◆ BRIEF
Beginning at the line that contains "X0000091210697200709061440", output each line exactly through the end of the records, and drop any pictures.
※
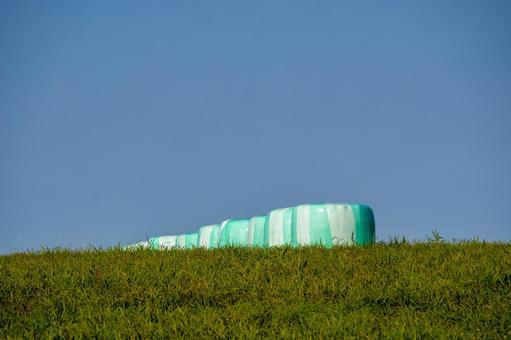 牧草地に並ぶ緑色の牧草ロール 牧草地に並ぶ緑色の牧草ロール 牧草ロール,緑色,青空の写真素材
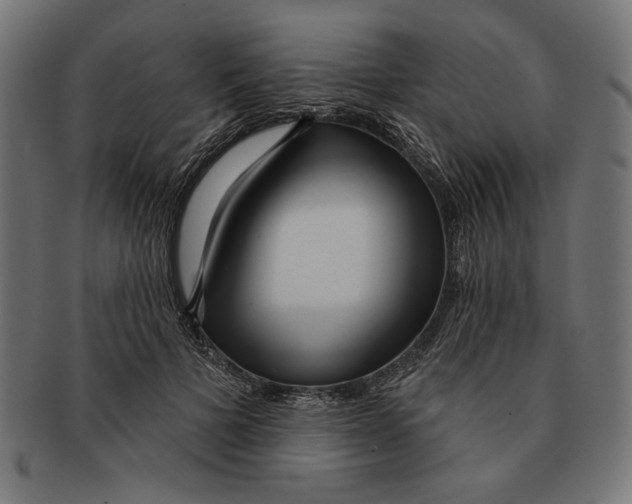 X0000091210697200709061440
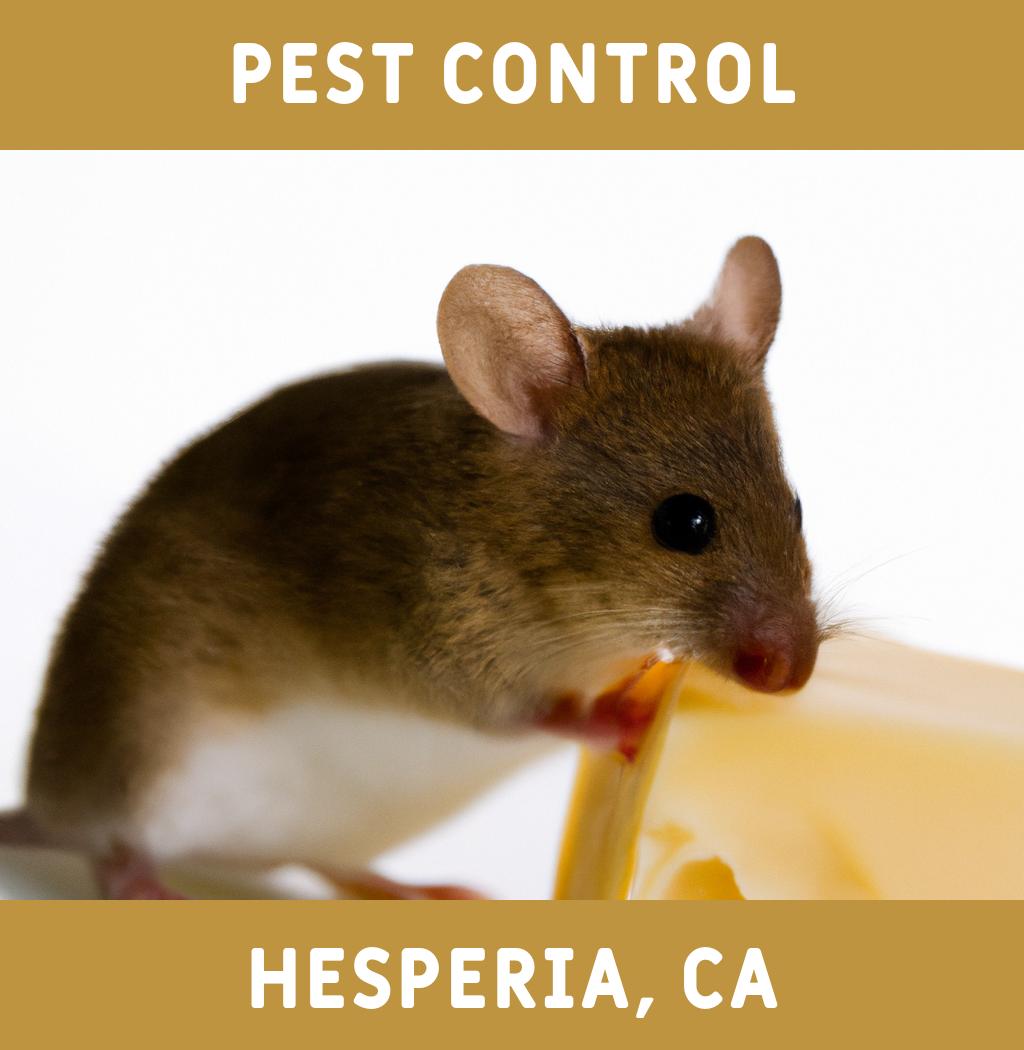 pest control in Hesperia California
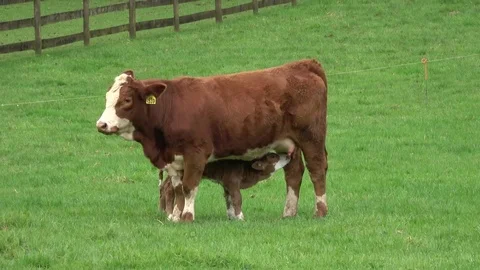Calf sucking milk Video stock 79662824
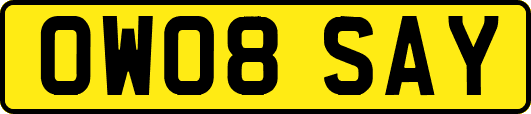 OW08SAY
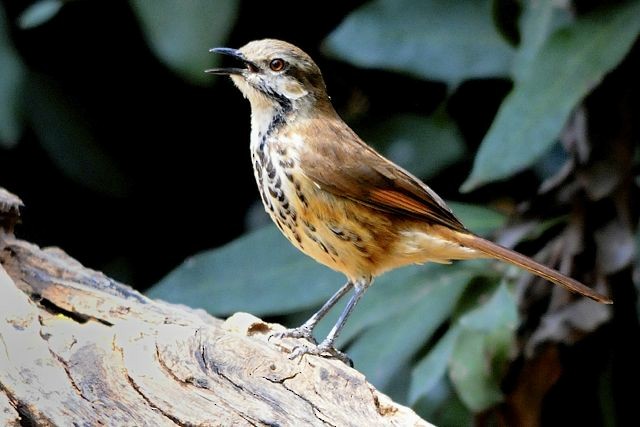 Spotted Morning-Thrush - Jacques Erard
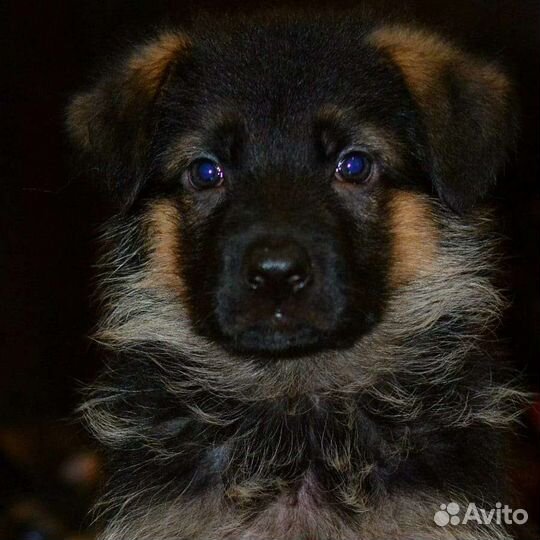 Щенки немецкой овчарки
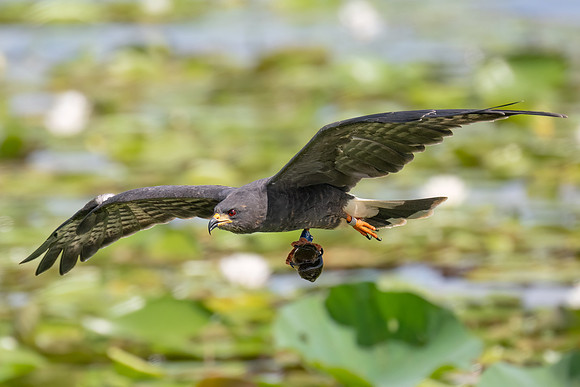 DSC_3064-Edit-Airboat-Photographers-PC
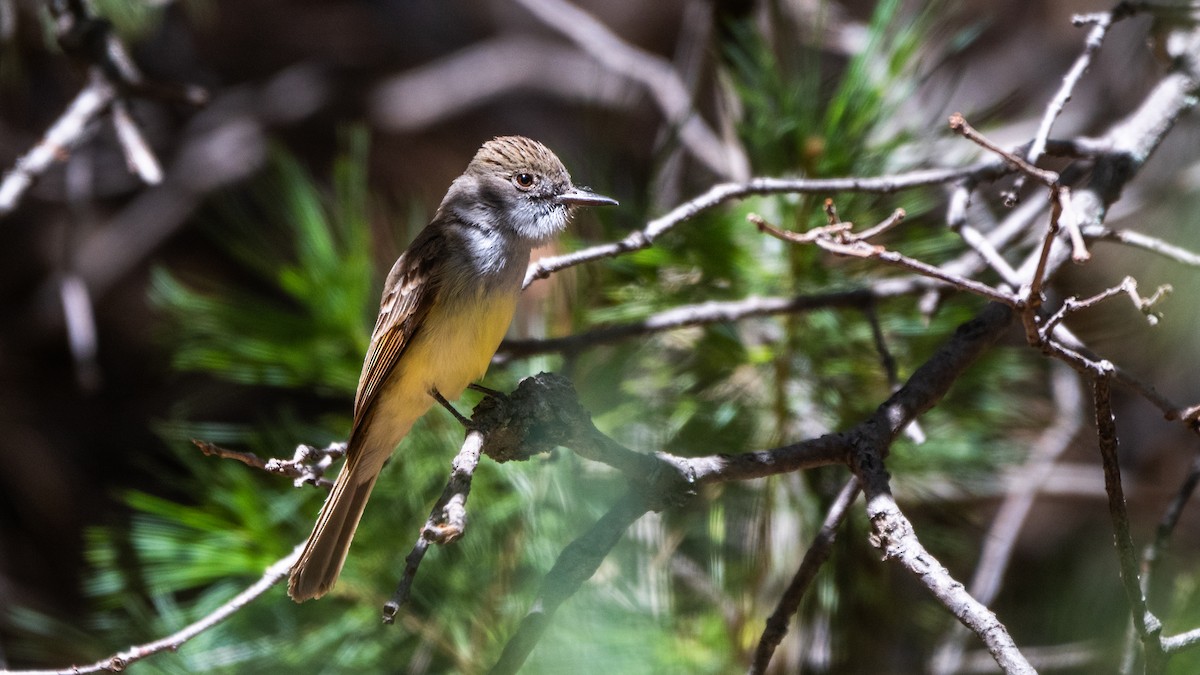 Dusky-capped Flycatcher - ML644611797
※
◆ TASK OUTPUT
 X0000091210697200709061440
 pest control in Hesperia California
Calf sucking milk Video stock 79662824
 OW08SAY
 Spotted Morning-Thrush - Jacques Erard
 Щенки немецкой овчарки
 DSC_3064-Edit-Airboat-Photographers-PC
 Dusky-capped Flycatcher - ML644611797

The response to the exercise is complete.